EXERCISE INSTRUCTIONS :: Output exactly the lines from the first line of the records below through the line containing "Hyundai Solaris II", both included, leaving out any pictures.

↓

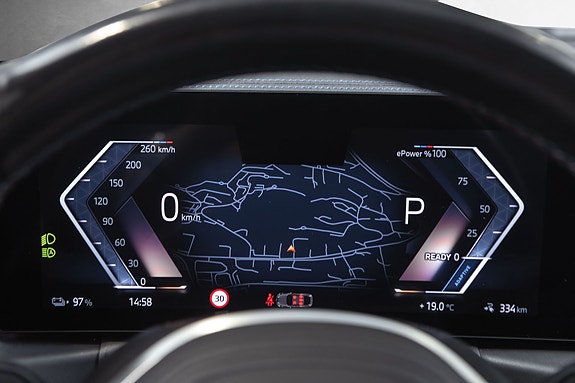 BMW i4 14 of 30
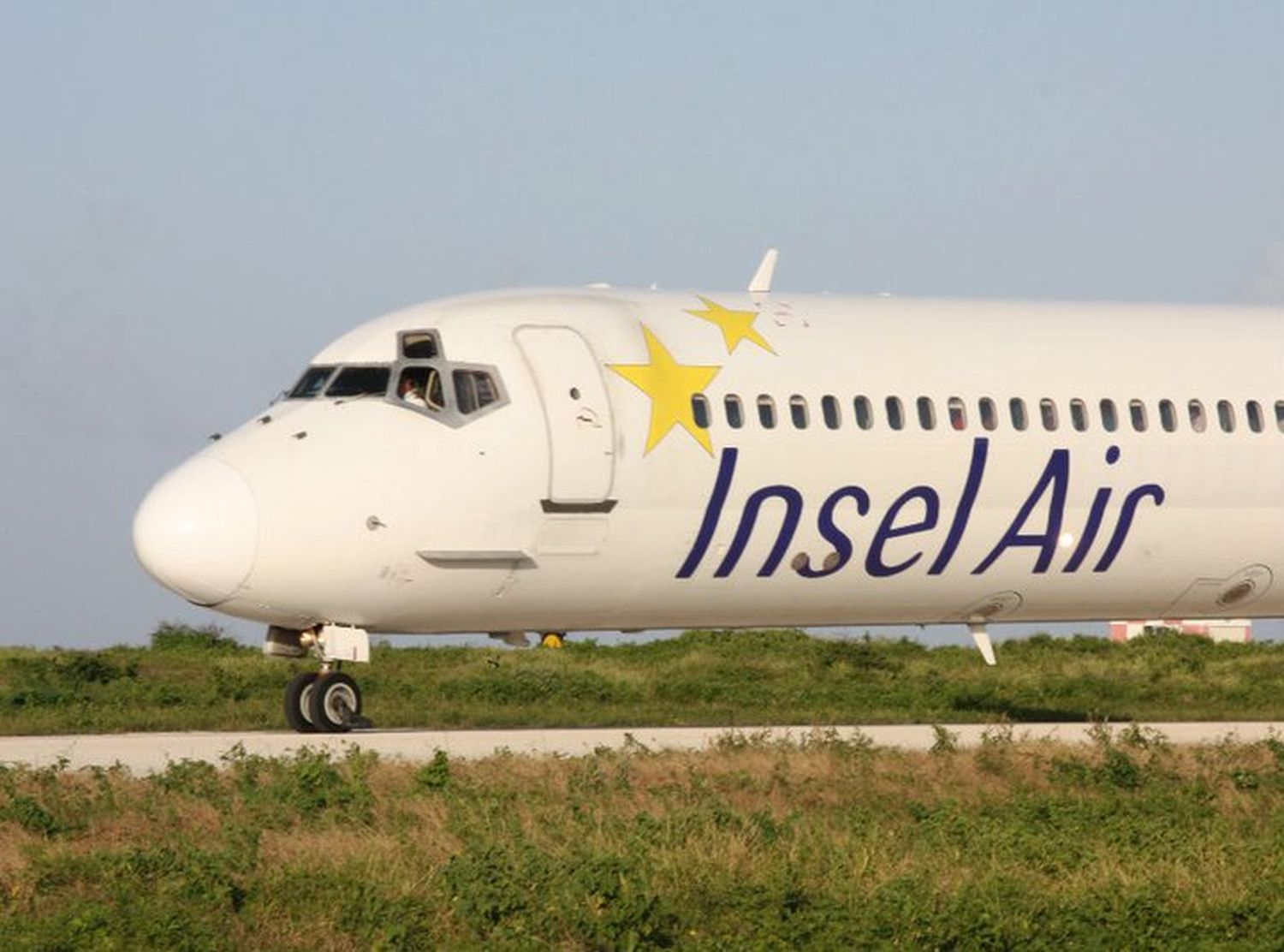 Avianca compraría InselAir para instalar una filial en Curaçao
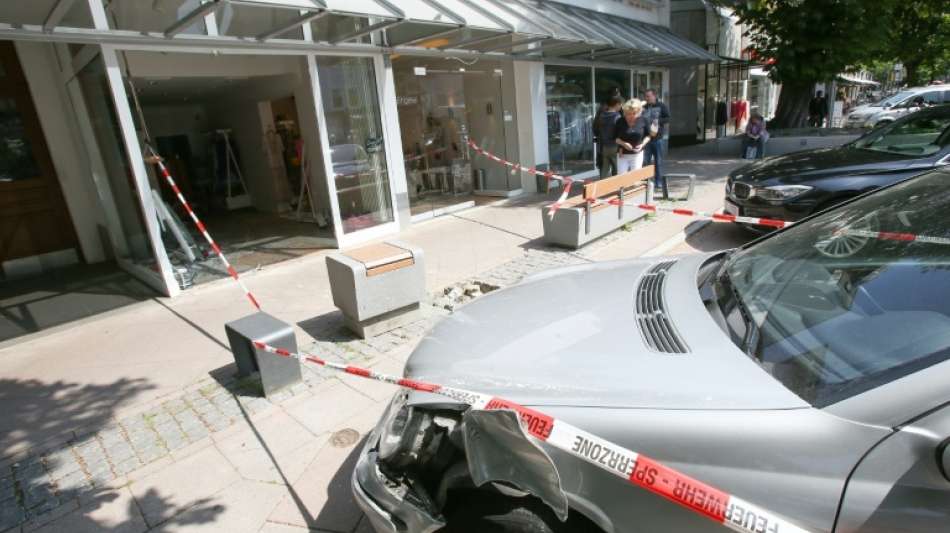 Rentnerin fährt mit Auto in Hamburger Bekleidungsgeschäft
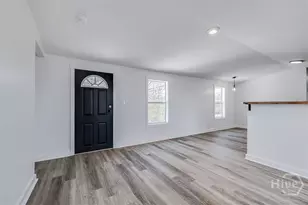 451 Schuman Dr, Bloomingdale, GA 31302 - Photo 5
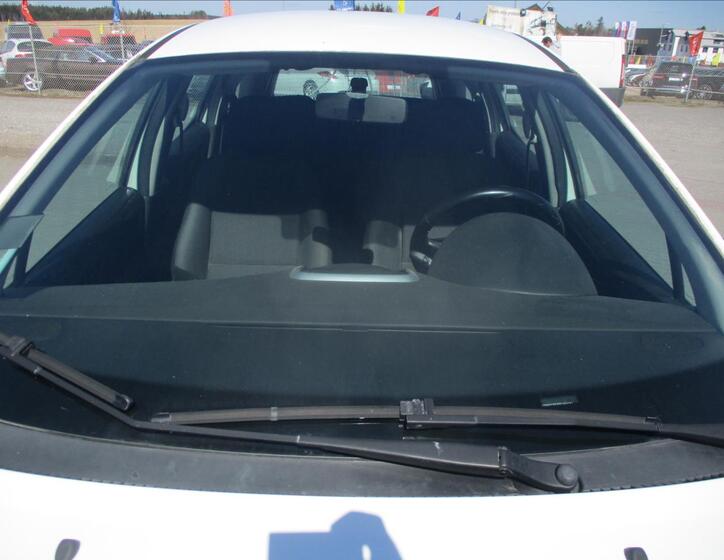 Peugeot 207 26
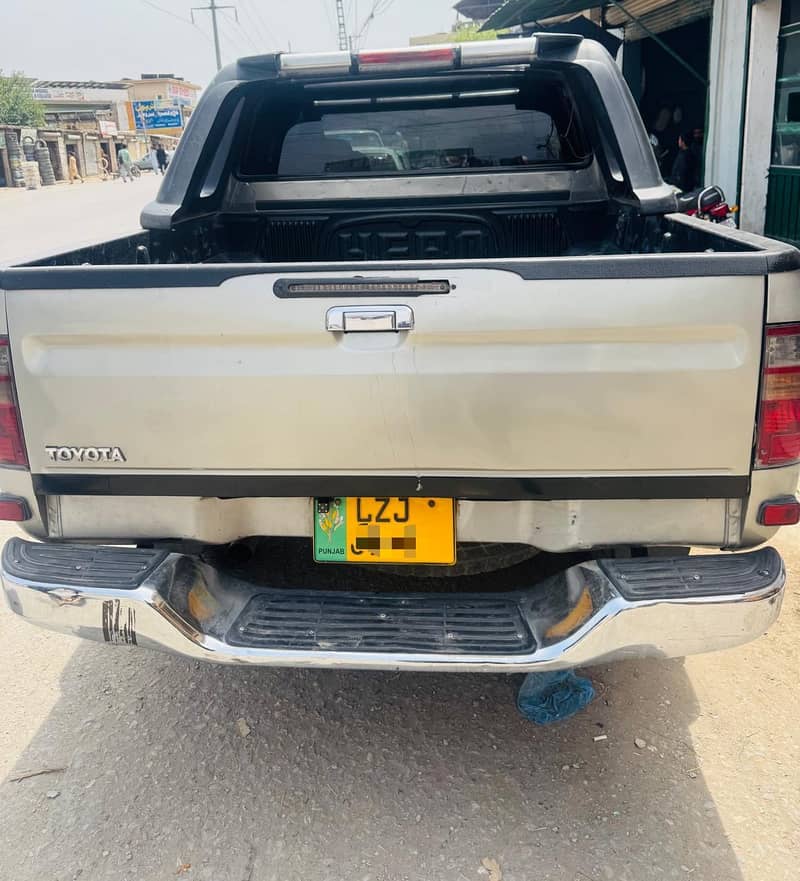 Hilux 3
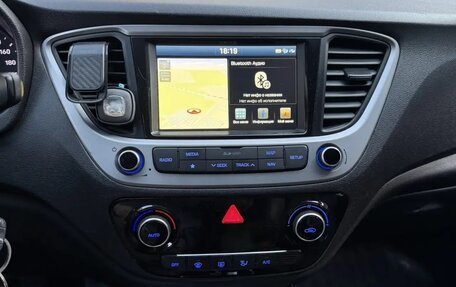 Hyundai Solaris II рестайлинг, 2018 год, 1 400 000 рублей, 6 фотография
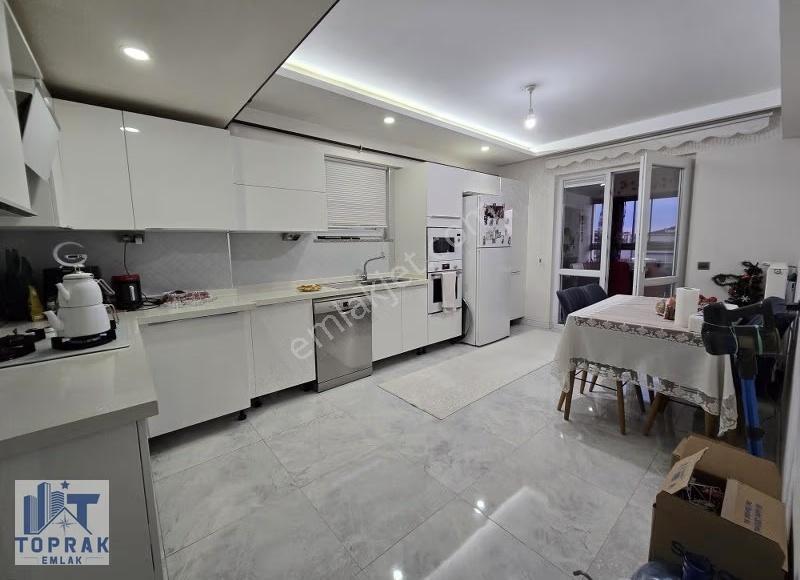 Toprak Emlaktan A.söğütönü Mh.100yıl Bulvarı Siteiçi Satılık 3+1 - Görsel 18
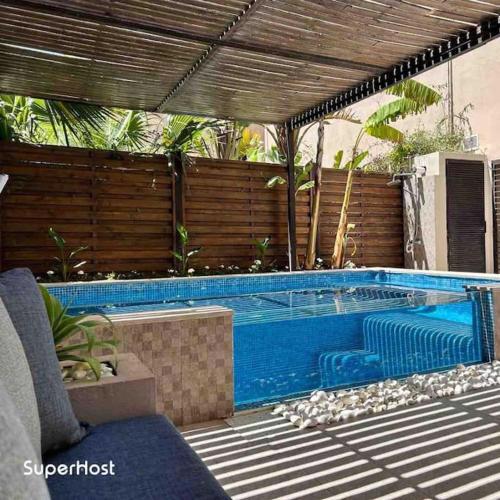 Malaga pool house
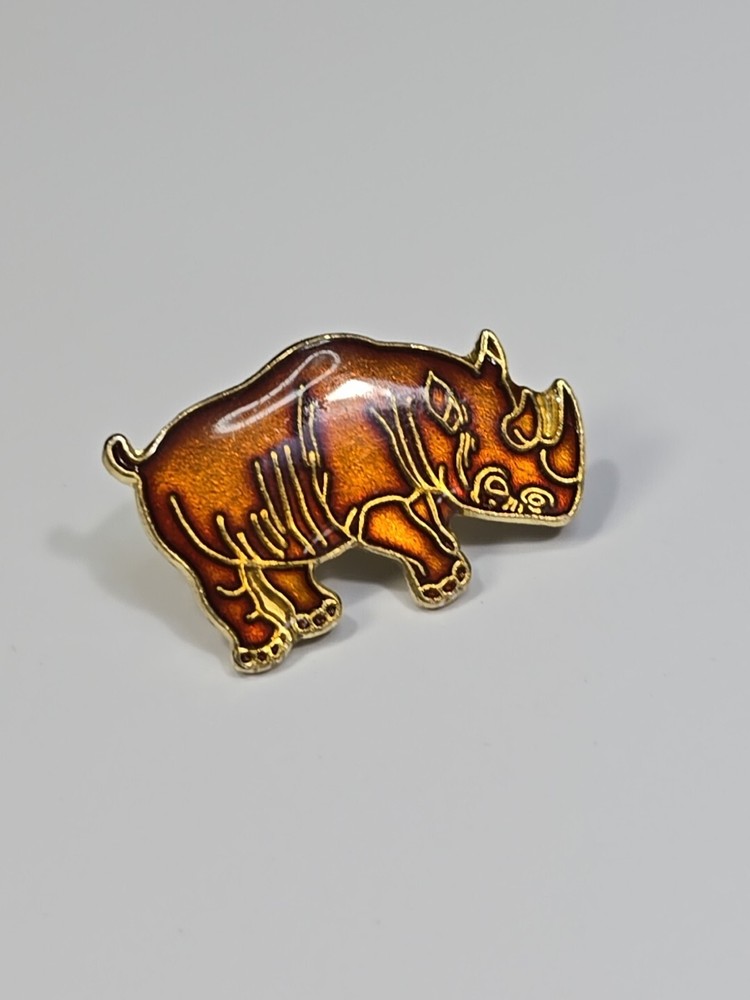 Rinosaraus Lapel Pin Brown Colors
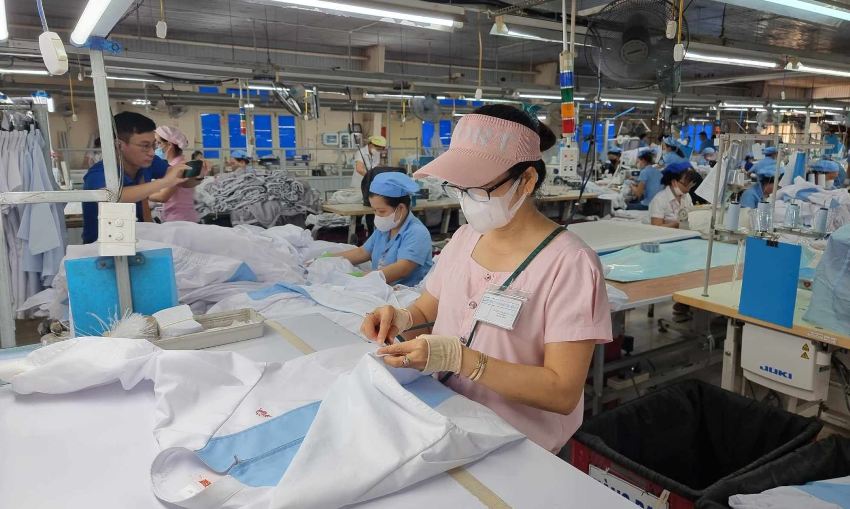 Tăng lương tối thiểu vùng mới bù đắp trượt giá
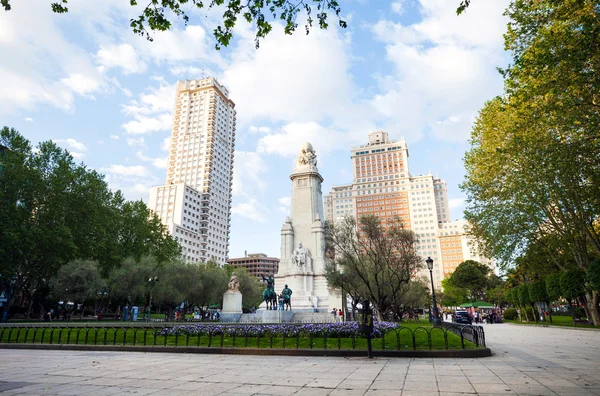 Plaza de España con monumento a Cervantes, Torre de Madrid y Edi — Foto de Stock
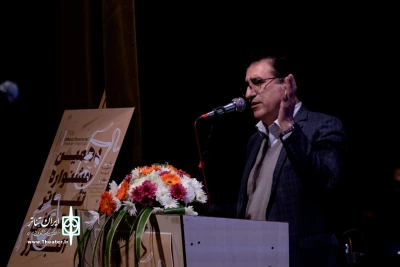 قادر آشنا  در آیین اختتامیه دهمین جشنواره تئاتر البرز تاکید کرد:

حمایت ویژه از تولید نمایشنامه‌های ملی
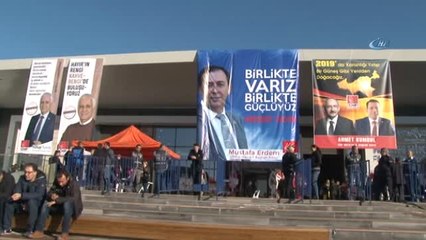 Download Video: CHP İl Kongresinde Baykal'ın İsmi Yazılı Sandalyesi Boş Kaldı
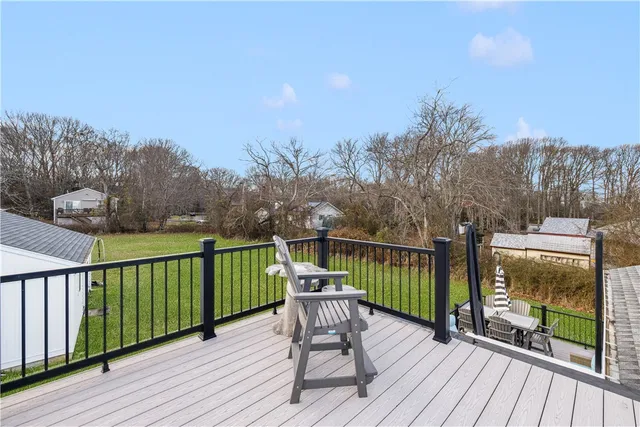 $599,000 | 176 Daniel Avenue, Portsmouth, RI 02872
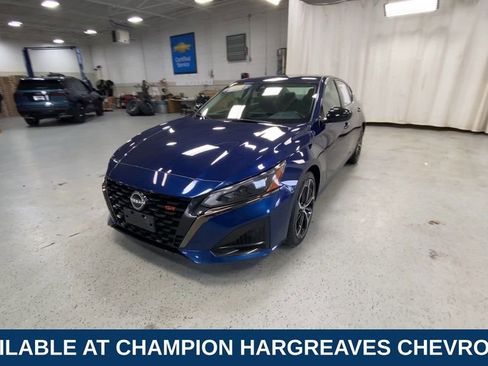 Used 2024 Nissan Altima 2.5 SR image 5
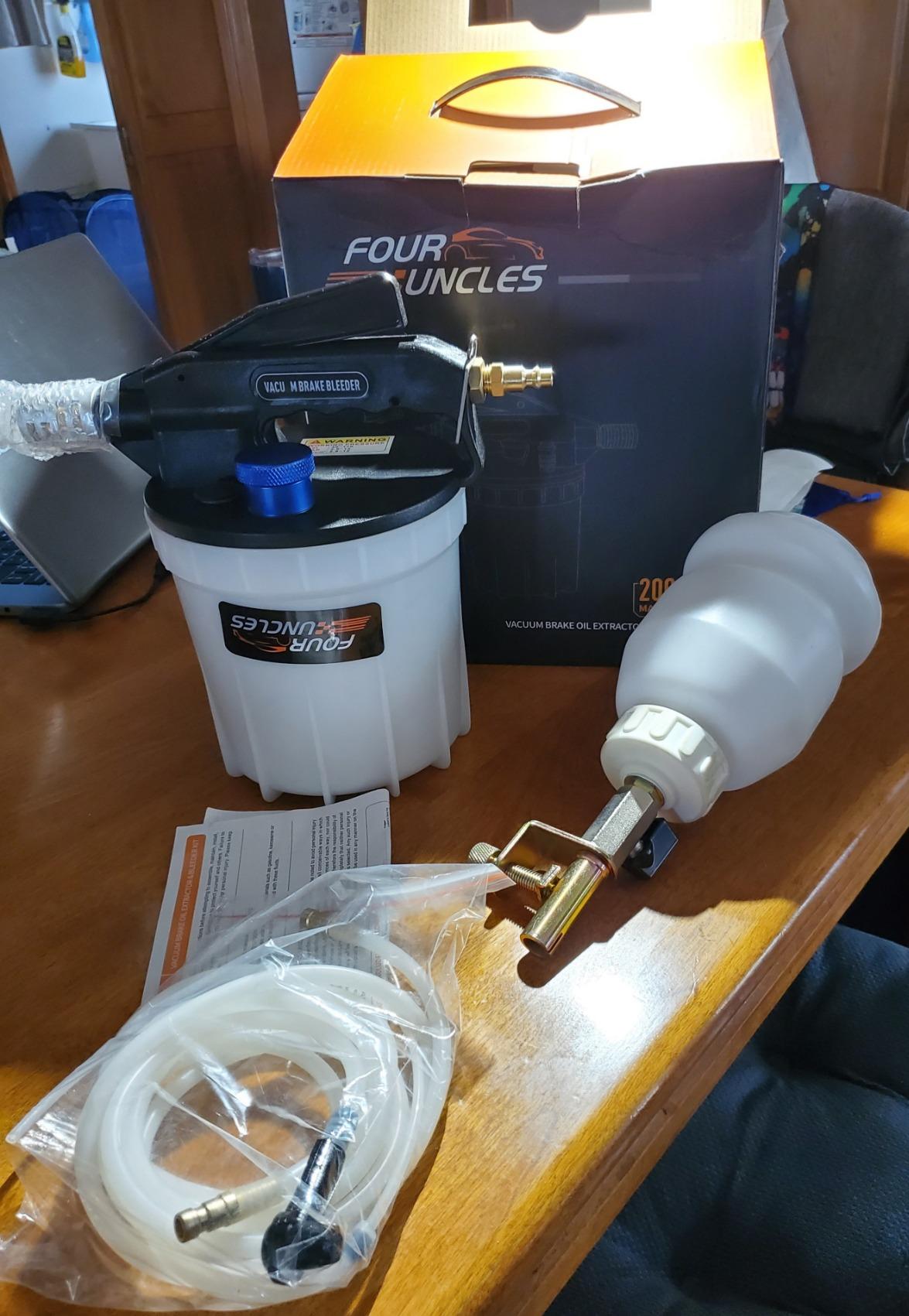 FOUR UNCLES 2L Pneumatic Brake Bleeder Vacuum Pump Kit with 13 PCS Adapters customer photo 2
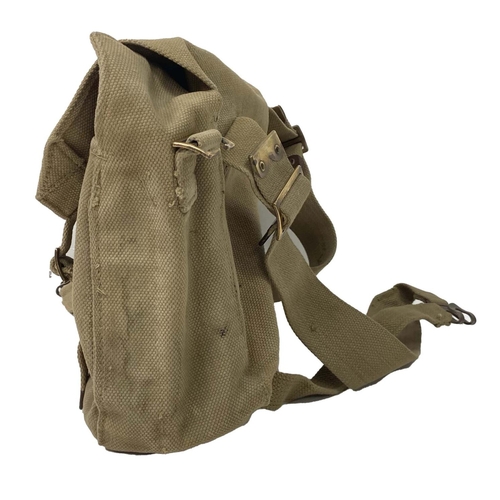 512 - British Army 1937 pattern webbing small pack, complete with ‘L’ straps. Dated
1942. Very good condit...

↑

TASK OUTPUT ::
 BMW i4 14 of 30
 Avianca compraría InselAir para instalar una filial en Curaçao
 Rentnerin fährt mit Auto in Hamburger Bekleidungsgeschäft
 451 Schuman Dr, Bloomingdale, GA 31302 - Photo 5
 Peugeot 207 26
 Hilux 3
 Hyundai Solaris II рестайлинг, 2018 год, 1 400 000 рублей, 6 фотография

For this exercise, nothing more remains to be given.